##### SUPPLIED RECORDS
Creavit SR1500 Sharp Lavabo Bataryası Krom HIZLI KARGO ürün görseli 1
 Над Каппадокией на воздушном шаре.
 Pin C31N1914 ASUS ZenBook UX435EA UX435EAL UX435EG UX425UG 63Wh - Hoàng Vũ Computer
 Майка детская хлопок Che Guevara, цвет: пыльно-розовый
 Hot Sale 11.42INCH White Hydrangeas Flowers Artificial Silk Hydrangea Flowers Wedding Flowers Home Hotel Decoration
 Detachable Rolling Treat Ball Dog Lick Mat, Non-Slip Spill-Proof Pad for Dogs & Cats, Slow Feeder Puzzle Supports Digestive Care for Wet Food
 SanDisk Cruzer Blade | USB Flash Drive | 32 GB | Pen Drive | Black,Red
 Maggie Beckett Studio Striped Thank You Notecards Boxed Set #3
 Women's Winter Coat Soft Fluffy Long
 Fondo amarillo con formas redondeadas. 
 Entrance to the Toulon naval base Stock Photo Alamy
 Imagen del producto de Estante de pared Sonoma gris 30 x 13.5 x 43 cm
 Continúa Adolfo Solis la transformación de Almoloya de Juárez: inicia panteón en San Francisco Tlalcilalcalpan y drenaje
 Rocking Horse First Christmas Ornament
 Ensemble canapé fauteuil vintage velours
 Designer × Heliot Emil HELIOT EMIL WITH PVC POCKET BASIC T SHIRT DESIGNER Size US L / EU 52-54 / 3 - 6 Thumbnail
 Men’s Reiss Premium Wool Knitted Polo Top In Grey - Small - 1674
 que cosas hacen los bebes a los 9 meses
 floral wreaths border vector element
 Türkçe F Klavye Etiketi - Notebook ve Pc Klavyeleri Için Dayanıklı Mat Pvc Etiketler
##########
**WHAT YOU HAVE TO DO**. Write out again exactly the lines that run from the one holding "Entrance to the" through the last line of the data; omit all other lines.

**RESPONSE TO THE TASK**.
 Entrance to the Toulon naval base Stock Photo Alamy
 Imagen del producto de Estante de pared Sonoma gris 30 x 13.5 x 43 cm
 Continúa Adolfo Solis la transformación de Almoloya de Juárez: inicia panteón en San Francisco Tlalcilalcalpan y drenaje
 Rocking Horse First Christmas Ornament
 Ensemble canapé fauteuil vintage velours
 Designer × Heliot Emil HELIOT EMIL WITH PVC POCKET BASIC T SHIRT DESIGNER Size US L / EU 52-54 / 3 - 6 Thumbnail
 Men’s Reiss Premium Wool Knitted Polo Top In Grey - Small - 1674
 que cosas hacen los bebes a los 9 meses
 floral wreaths border vector element
 Türkçe F Klavye Etiketi - Notebook ve Pc Klavyeleri Için Dayanıklı Mat Pvc Etiketler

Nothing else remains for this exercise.